PROVIDED MATERIAL START

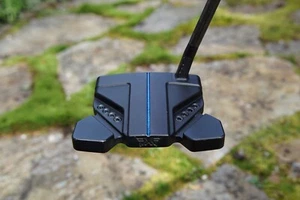 PXG Operator H - Custom Blue and Graphite Metallic - 35.5" Putter - Left-Handed - Picture 1 of 23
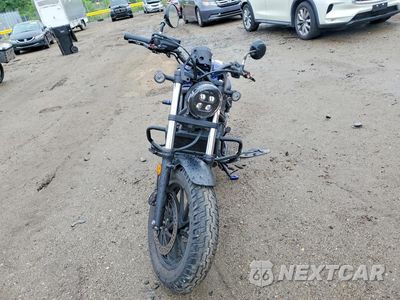 Drugie zdjęcie samochodu z przodu: 2022 HONDA CMX300 VIN:MLHNC5301N5501248 - miniatura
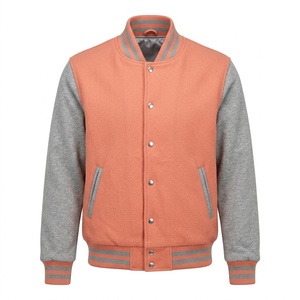 Partenaire de fabrication de vestes universitaires en gros pour les marques de vêtements de mode, exigences de production de vêtements en vrac, production de vêtements sur mesure - Product Image 6
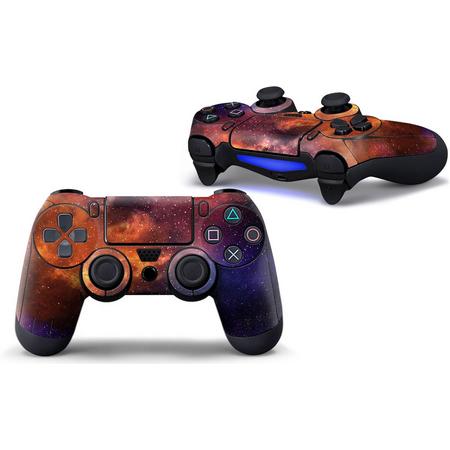 Starry Sky - PS4 Controller Skins PlayStation Stickers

PROVIDED MATERIAL END

With the images removed, reproduce all the material above word for word.

 PXG Operator H - Custom Blue and Graphite Metallic - 35.5" Putter - Left-Handed - Picture 1 of 23
 Drugie zdjęcie samochodu z przodu: 2022 HONDA CMX300 VIN:MLHNC5301N5501248 - miniatura
 Partenaire de fabrication de vestes universitaires en gros pour les marques de vêtements de mode, exigences de production de vêtements en vrac, production de vêtements sur mesure - Product Image 6
 Starry Sky - PS4 Controller Skins PlayStation Stickers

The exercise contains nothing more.